[[ PROVIDED INFORMATION open ]]

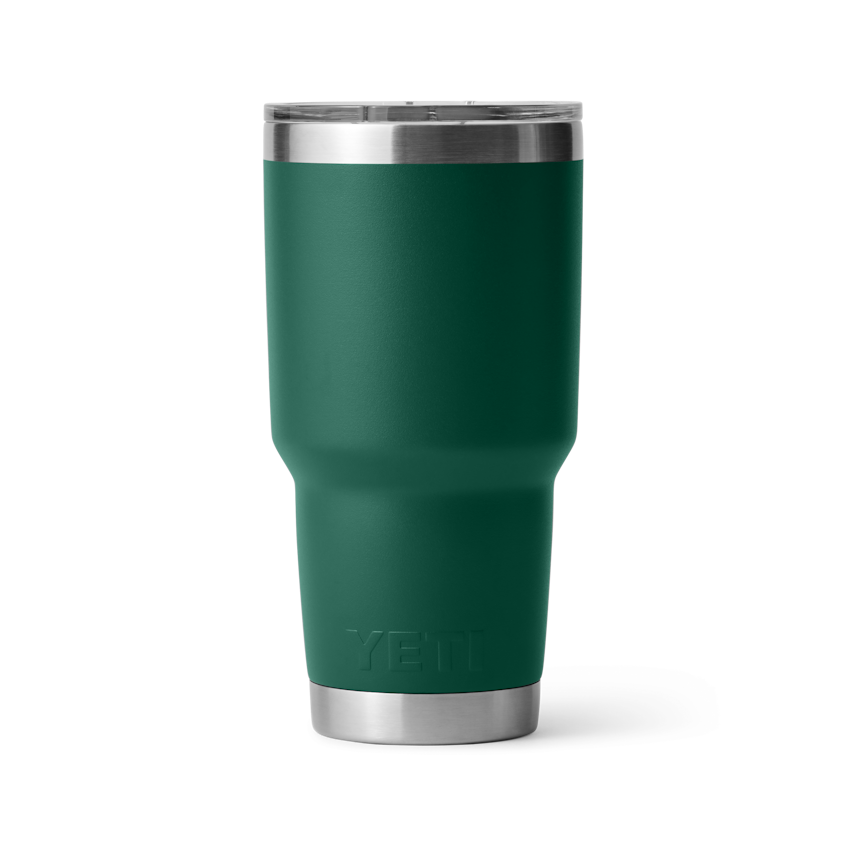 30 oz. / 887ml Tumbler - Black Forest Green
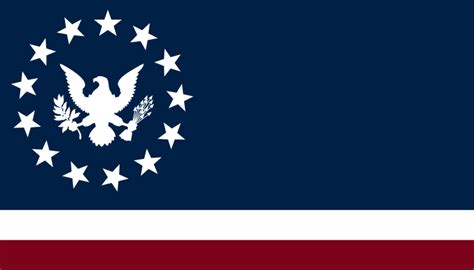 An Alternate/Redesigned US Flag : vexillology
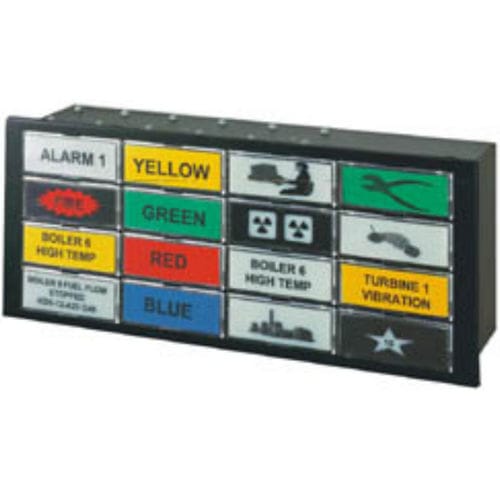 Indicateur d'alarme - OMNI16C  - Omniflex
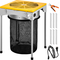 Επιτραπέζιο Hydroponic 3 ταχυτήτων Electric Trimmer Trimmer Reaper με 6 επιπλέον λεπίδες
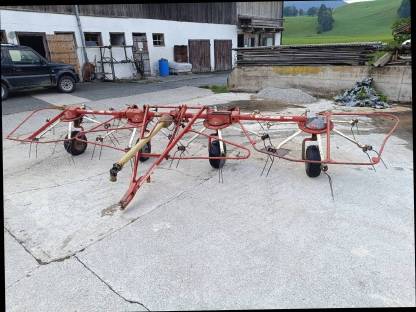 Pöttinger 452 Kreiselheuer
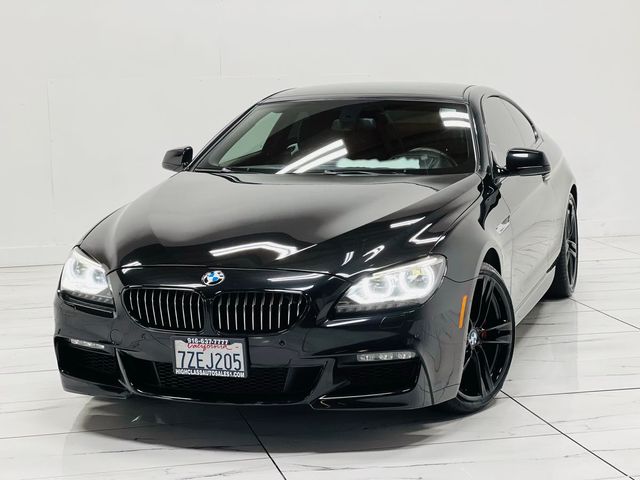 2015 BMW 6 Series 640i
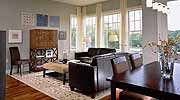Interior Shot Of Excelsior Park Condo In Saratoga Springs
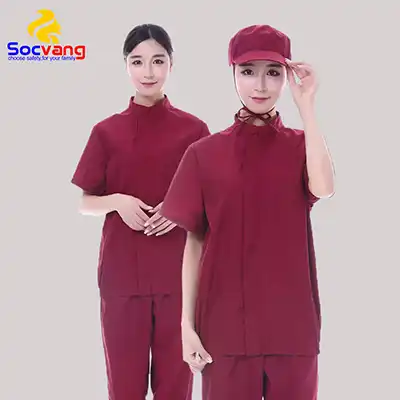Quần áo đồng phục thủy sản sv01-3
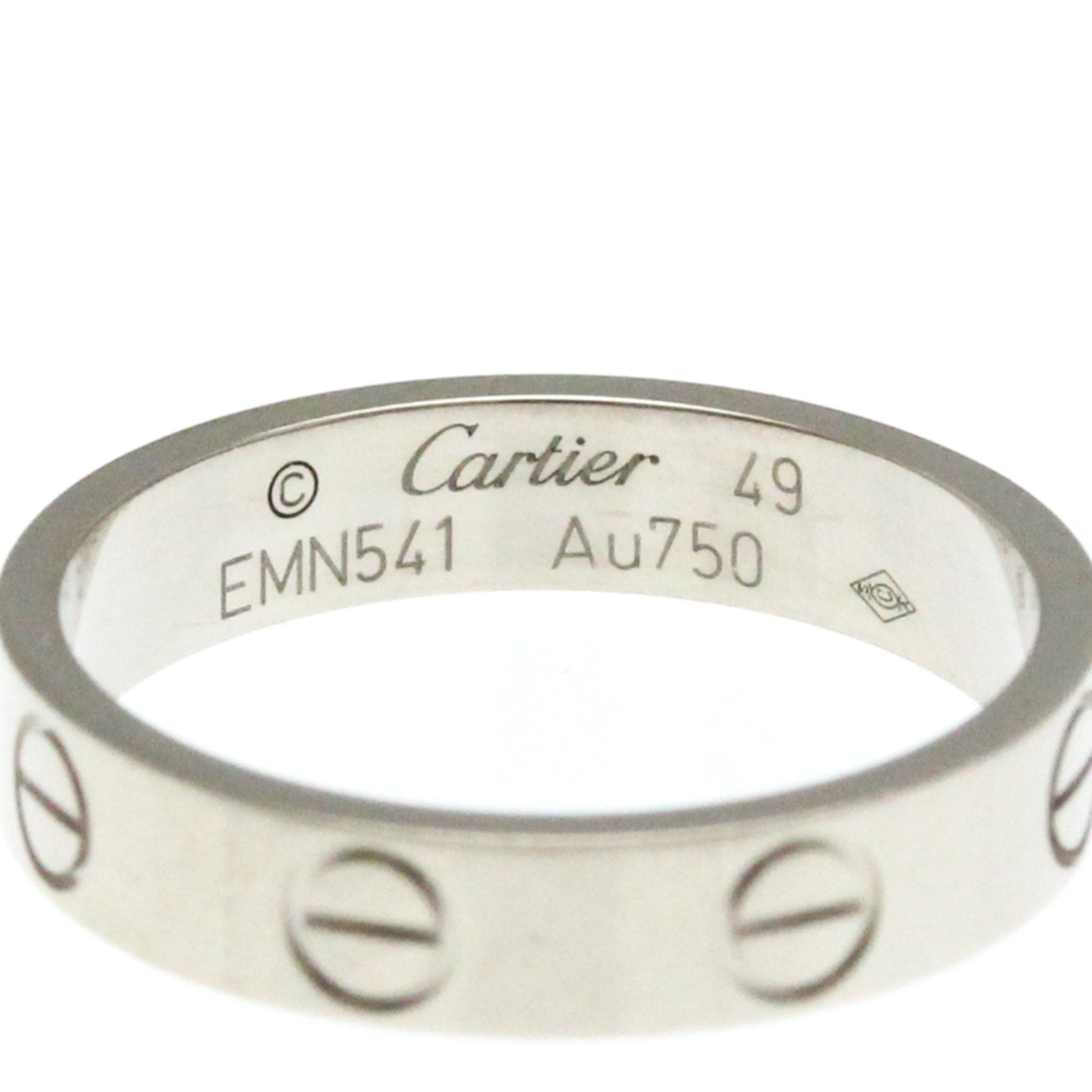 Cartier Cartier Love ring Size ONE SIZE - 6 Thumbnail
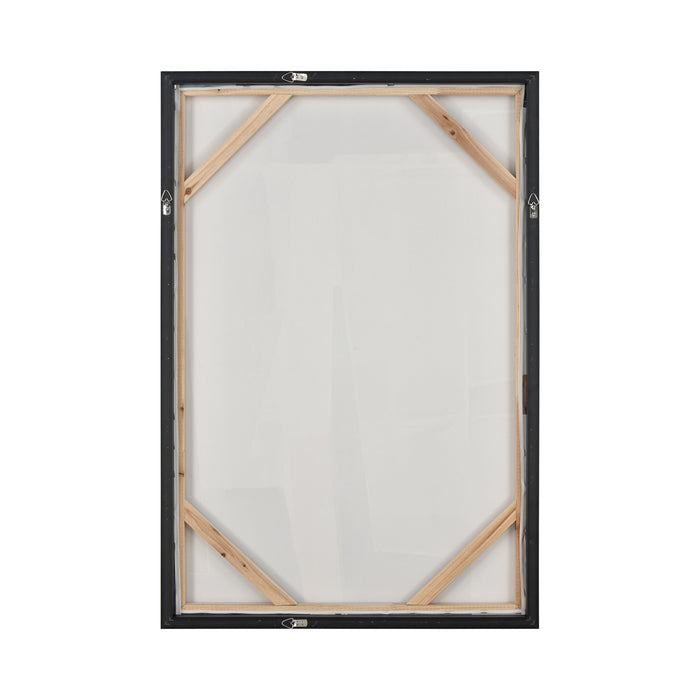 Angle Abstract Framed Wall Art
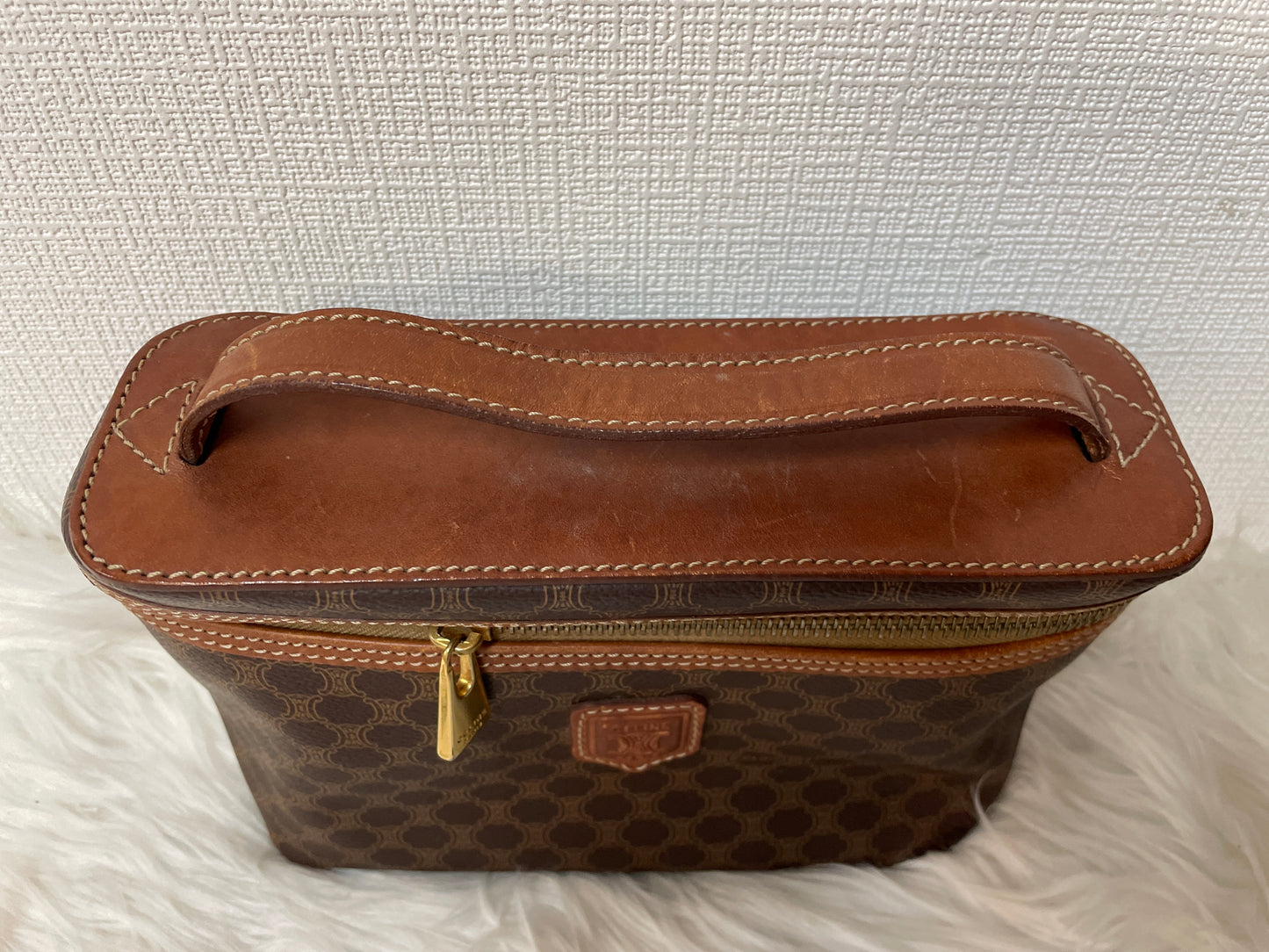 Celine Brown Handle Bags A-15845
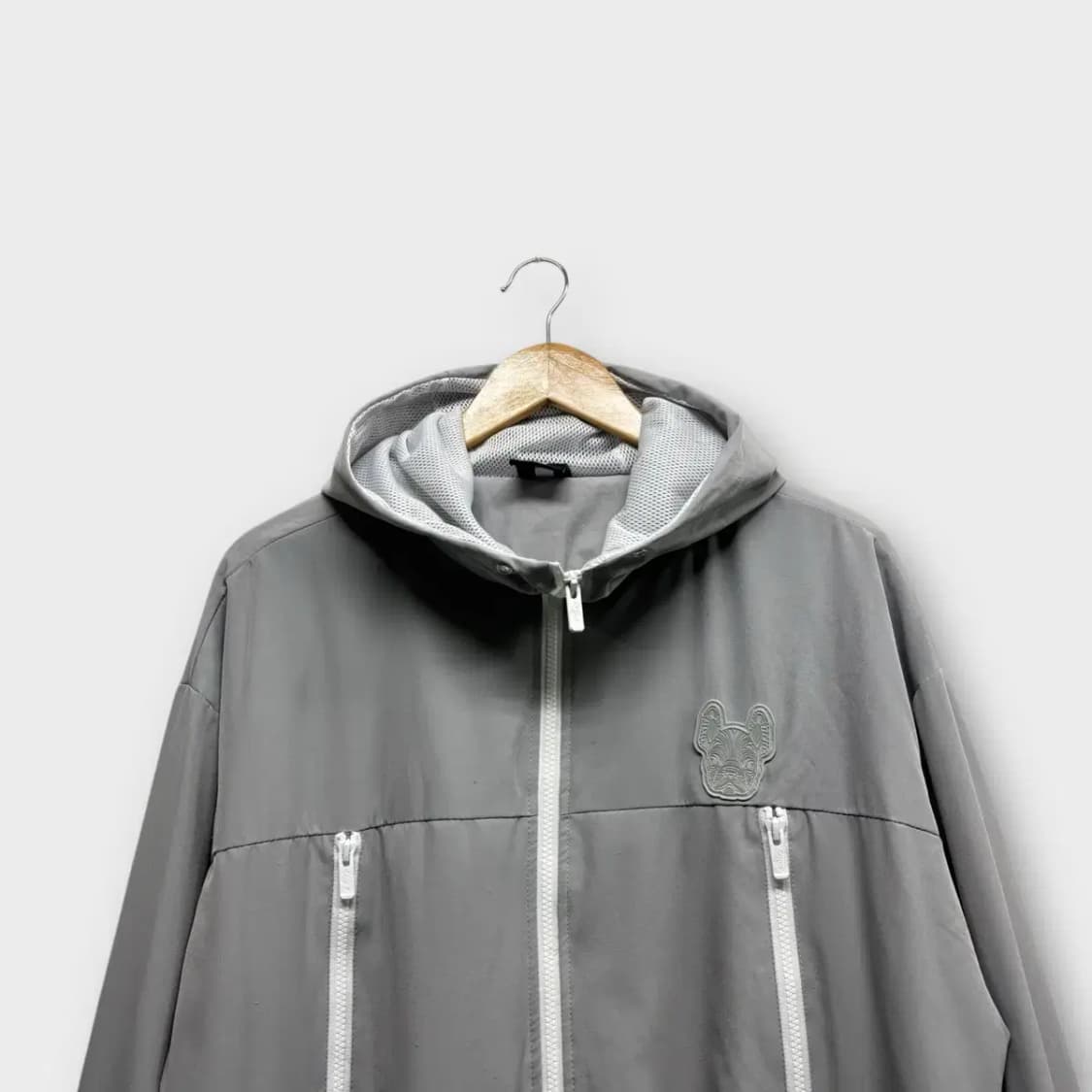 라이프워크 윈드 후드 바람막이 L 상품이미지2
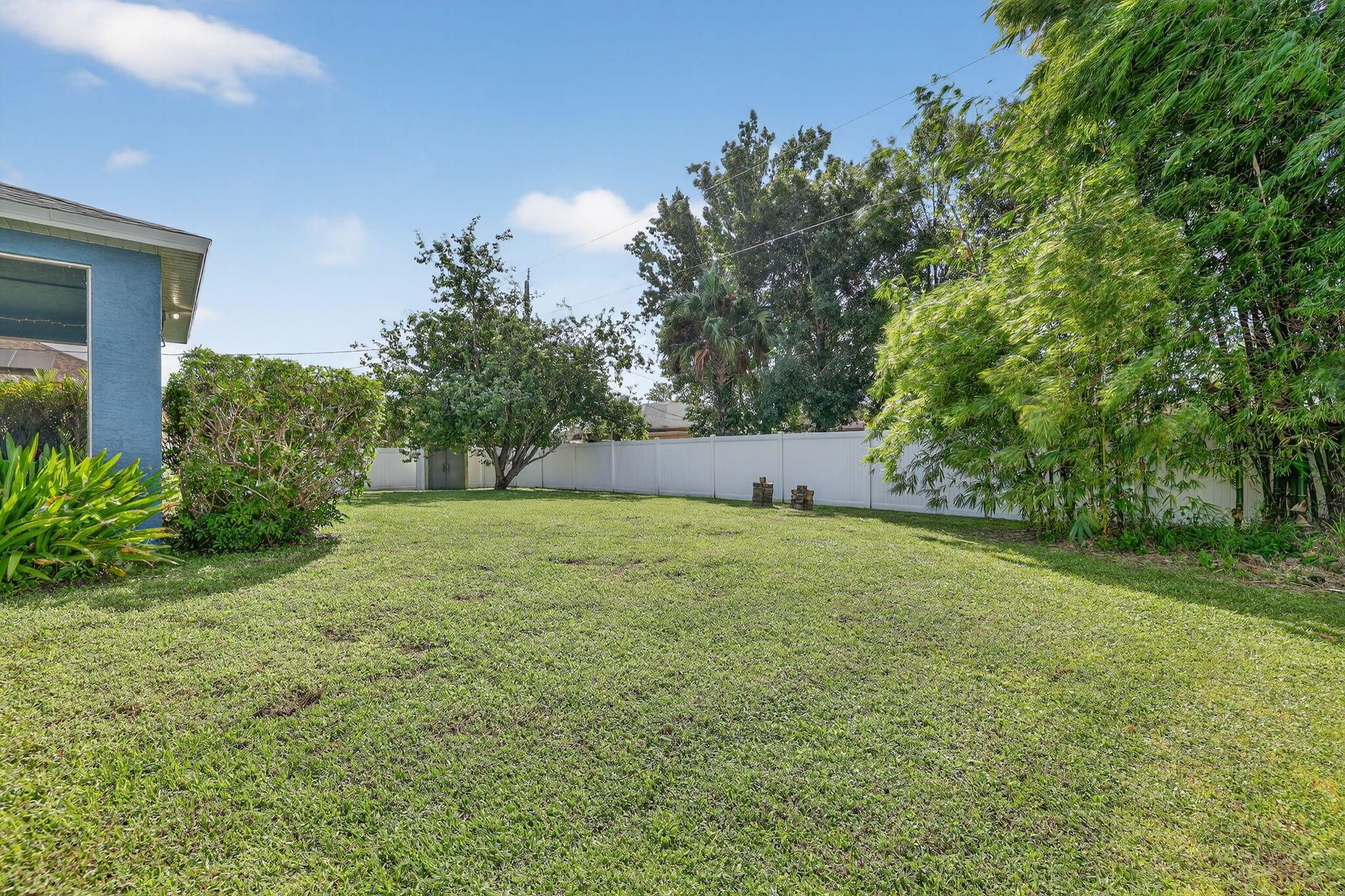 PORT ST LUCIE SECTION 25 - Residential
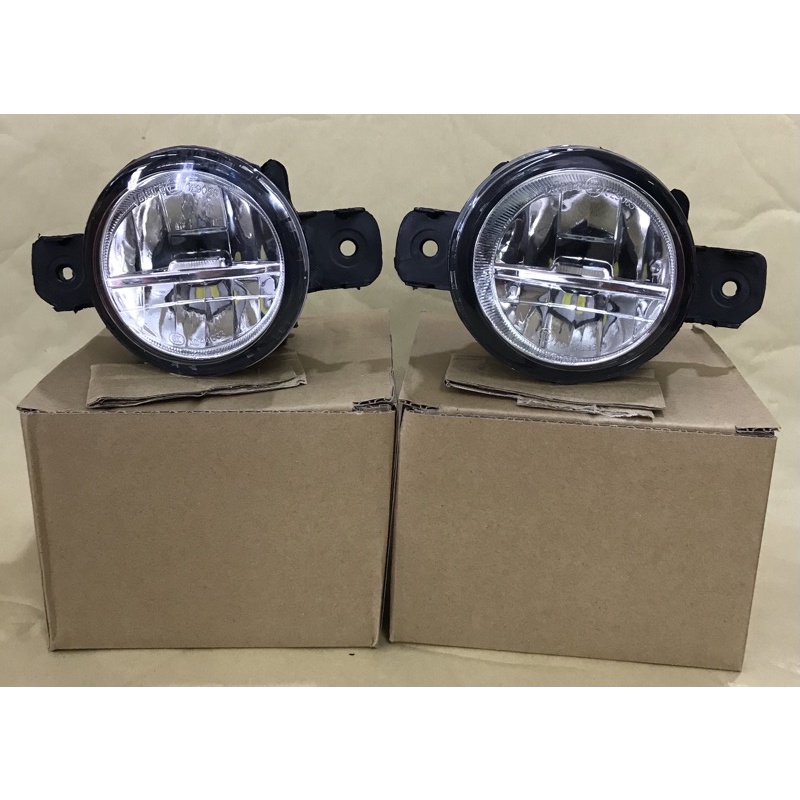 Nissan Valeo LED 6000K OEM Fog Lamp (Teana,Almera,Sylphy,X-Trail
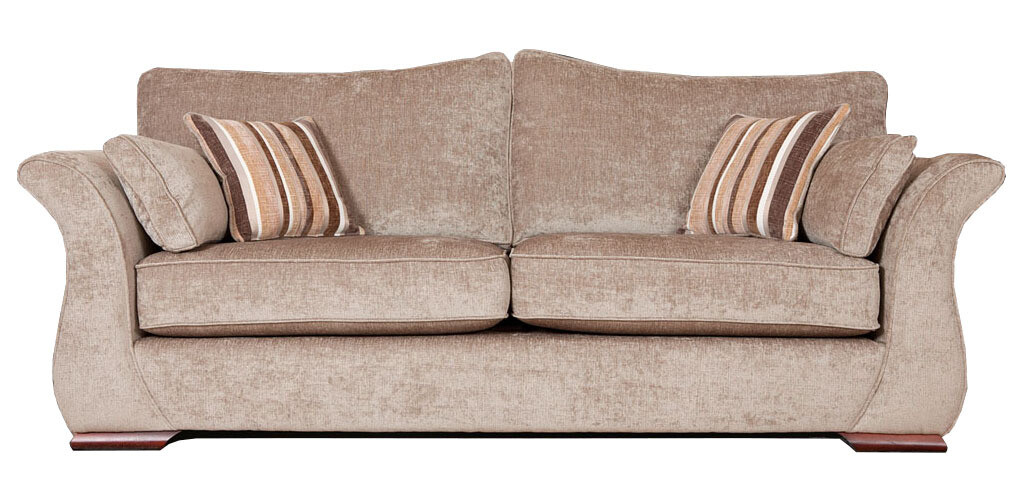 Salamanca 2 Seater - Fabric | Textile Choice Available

[[ PROVIDED INFORMATION closed ]]

The lines from the one holding "Angle Abstract Framed Wall Art" through the end of the entries are to be transcribed exactly, both ends included, with the pictures left out.

▸ COMPLETED EXERCISE
 Angle Abstract Framed Wall Art
 Celine Brown Handle Bags A-15845
 라이프워크 윈드 후드 바람막이 L 상품이미지2
 PORT ST LUCIE SECTION 25 - Residential
 Nissan Valeo LED 6000K OEM Fog Lamp (Teana,Almera,Sylphy,X-Trail
 Salamanca 2 Seater - Fabric | Textile Choice Available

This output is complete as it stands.